Combien ça coûte (réellement) embaucher un conseiller aux ventes ?

Combien représente justement le coût exact pour chaque recrutement de nouveaux candidats au sein du service des ventes ? « Je n’en ai aucune idée ! » avoue d’emblée un directeur général des ventes de la région de Québec qui souhaite garder l’anonymat. 

 

En 2017, une étude de la National Automobile Dealers Association (NADA) portant sur la main-d’œuvre en concession révélait déjà une statistique peu reluisante : le taux de roulement des employés aux ventes frôle les 70 %. Quatre ans plus tard, ajoutez à ce taux considérablement élevé une pénurie de personnel, ça finit par coûter cher aux concessionnaires. Très cher !

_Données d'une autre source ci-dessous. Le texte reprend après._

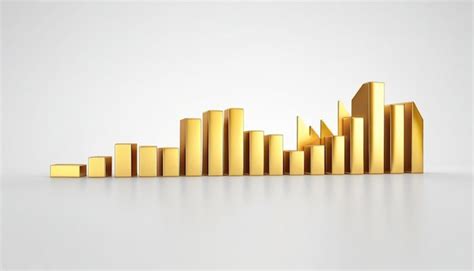 Premium Photo | Incremental diagram made of realistic golden coins 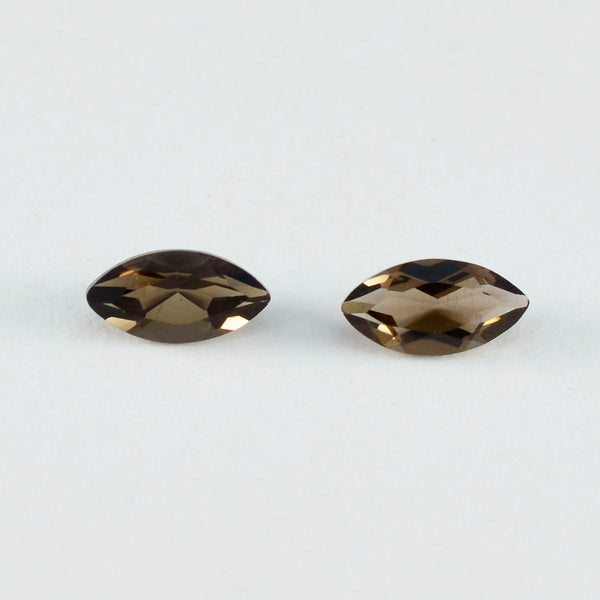 Smoky Quartz 1PC Chunky 10x20 MM Marquise Faceted Brown Natural Semi Precious Loose Gemstone
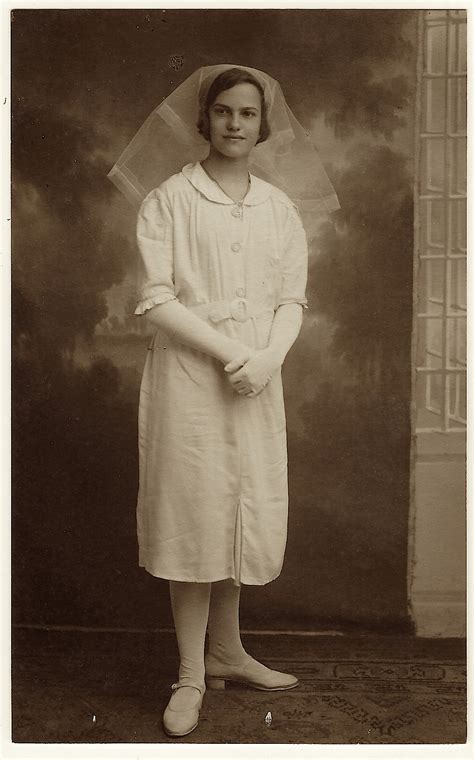 Vintage Portrait Of A Nurse In Uniform The Cabinet Card Gallery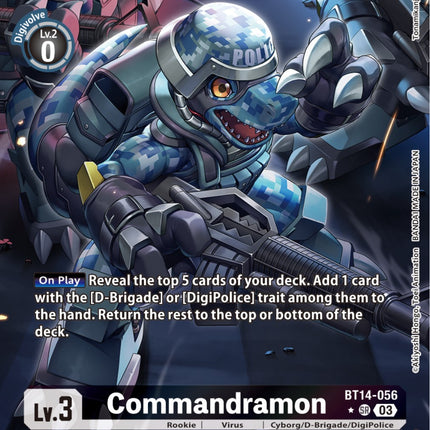 Commandramon [BT14-056] (Alternate Art) [Blast Ace]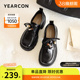 配裙子单鞋 意尔康女鞋 女士厚底英伦学院风小皮鞋 乐福鞋 2026春季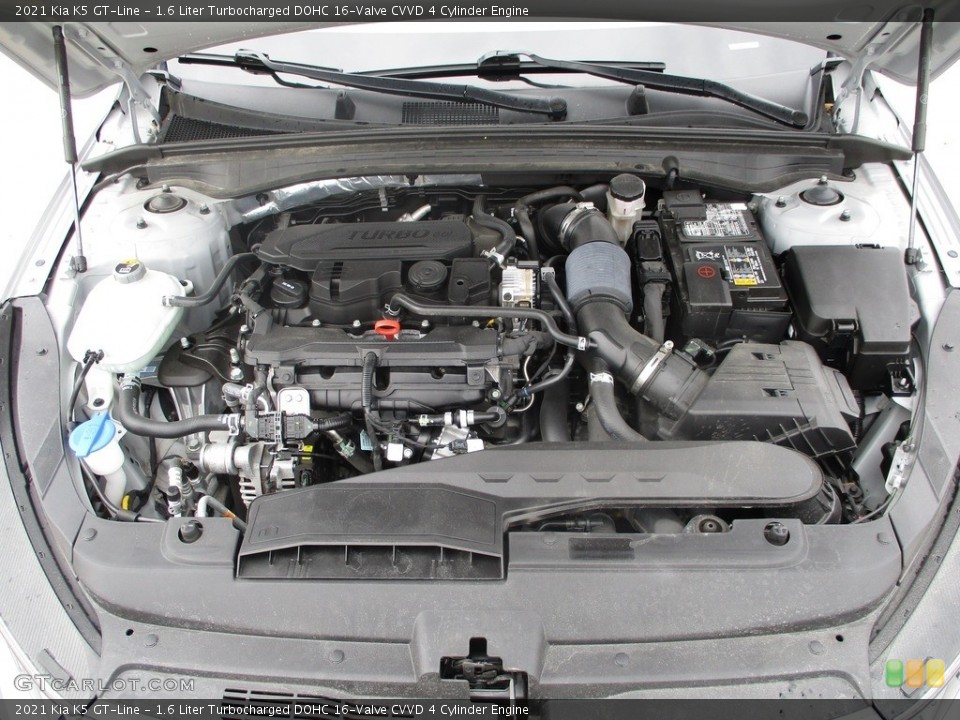 1.6 Liter Turbocharged DOHC 16-Valve CVVD 4 Cylinder Engine for the 2021 Kia K5 #144152254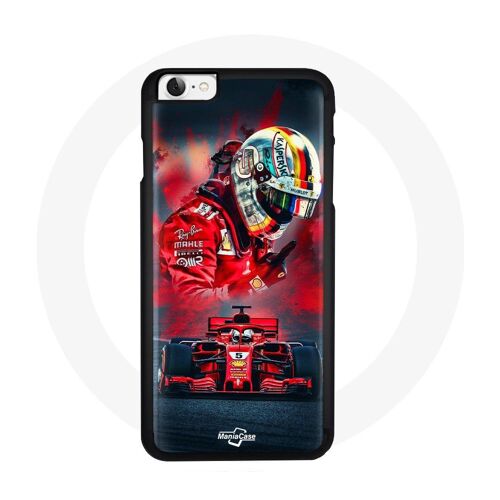Formula 1 Sebastian Vettel Rouge Coque iphone SE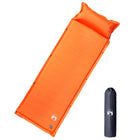 Kampeermatras zelfopblazend 1-persoons oranje 190x64x7 cm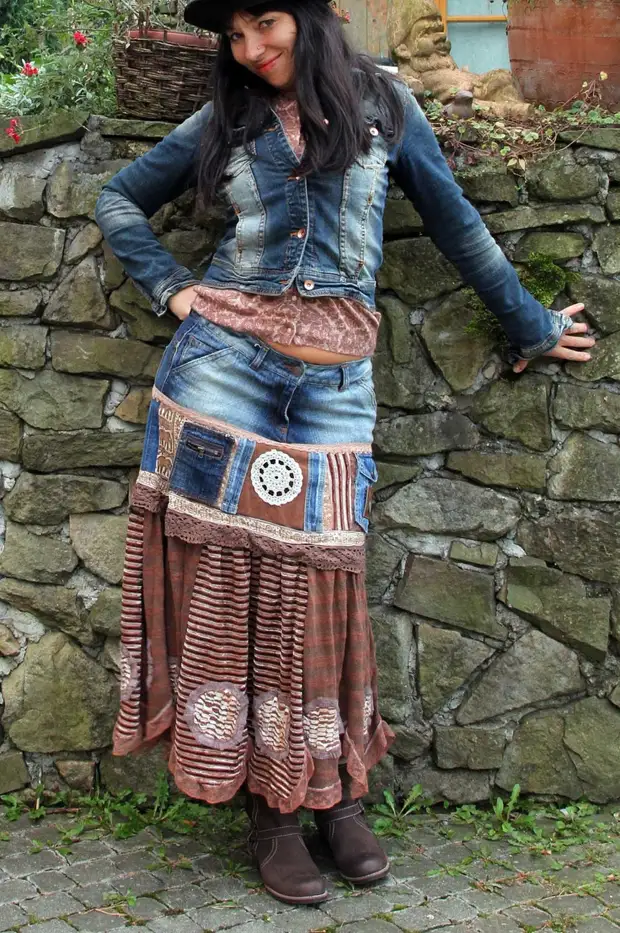 Sciorta Boho Jeans Paistí.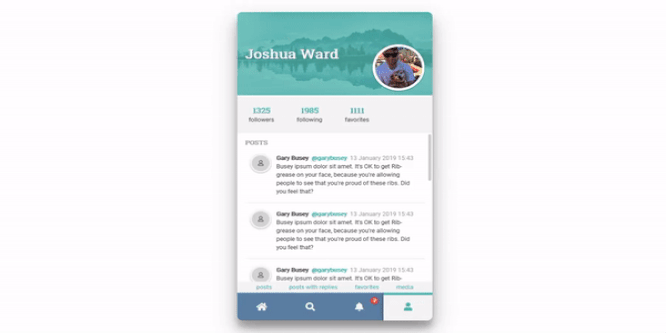 APP NAVIGATION WITH JQUERY AND CSS ANIMATION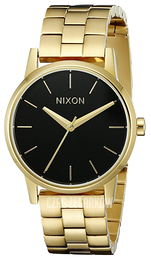 Nixon The Kensington Czarny/Stal w odcieniu złota Ø32 mm A3612042-00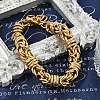 304 Stainless Steel Mesh Chains Bracelets for Women BJEW-F488-42G-1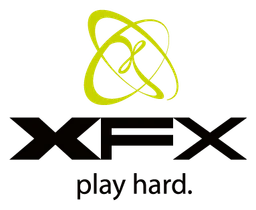 XFX logo, horizontal version, on a transparent background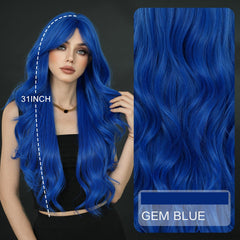 7JHH WIGS heat resistant synthetic fiber wig with flexible styling options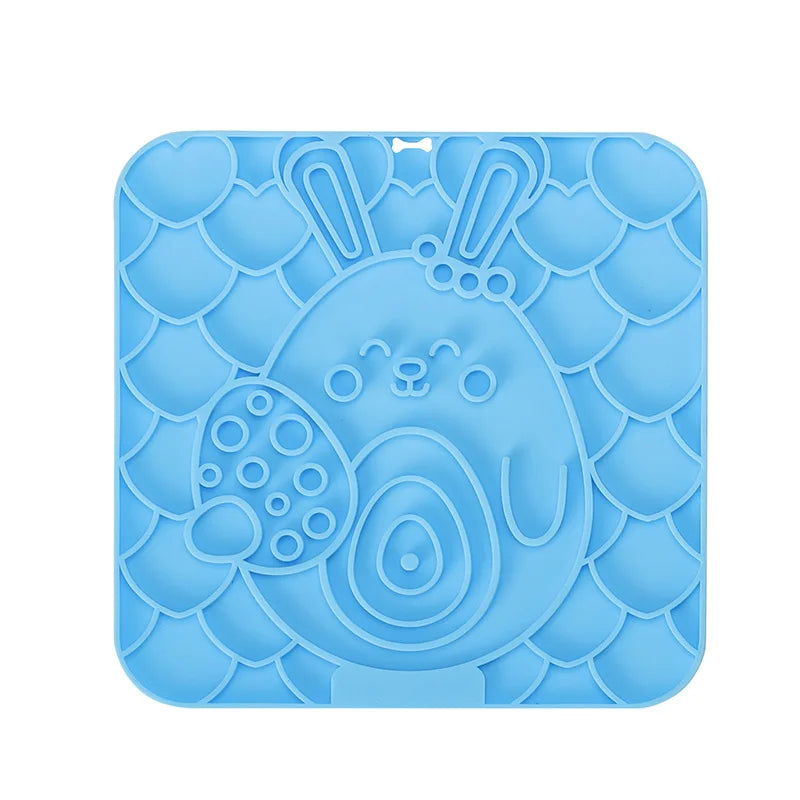 Silicone Dog Lick Mat Slow Feeder Bath Distraction Training Feeding Mat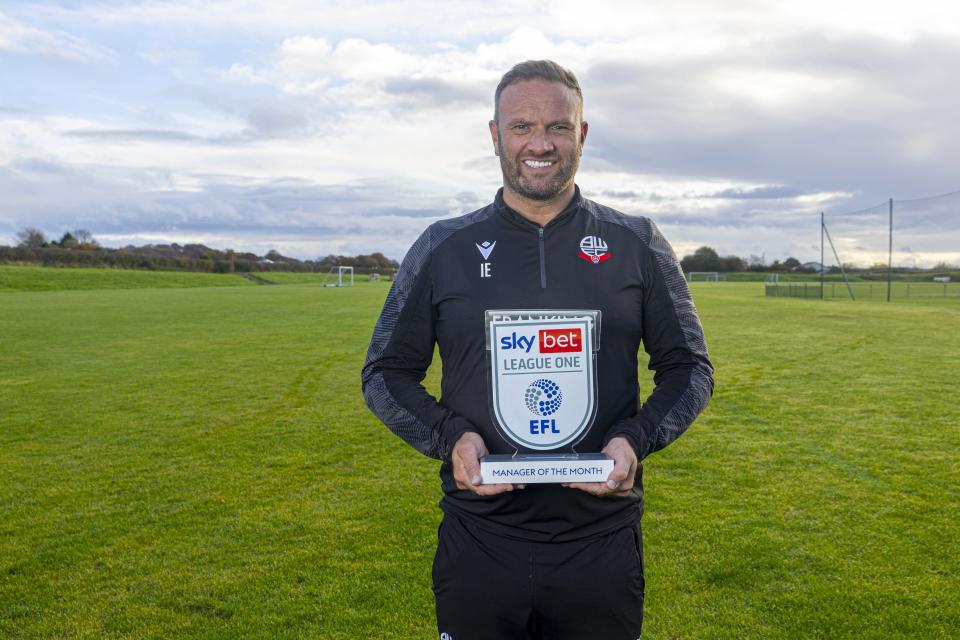 Ian Evatt manager award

Combien représente justement le coût exact pour chaque recrutement de nouveaux candidats au sein du service des ventes ? La plupart des concessionnaires à qui nous avons posé la question sont incapables de répondre. « Je n’en ai aucune idée ! » avoue d’emblée un directeur général des ventes de la région de Québec qui souhaite garder l’anonymat. 

 

Même chez les gros groupes 

Même réponse de la part d’un des concessionnaires qui figure pourtant dans notre dernier classement des 10 plus grands groupes de la province. « On n’a jamais fait ce calcul », concède cet intervenant qui, lui aussi, accepte de nous parler, à la condition que l’on taise le nom de son organisation. De l’avis de cette source, l’industrie automobile peut difficilement fournir une explication claire et précise à cette question parce que la très grande majorité des concessionnaires automobiles, y compris plusieurs groupes, ne disposent d’aucun service en ressources humaines (RH).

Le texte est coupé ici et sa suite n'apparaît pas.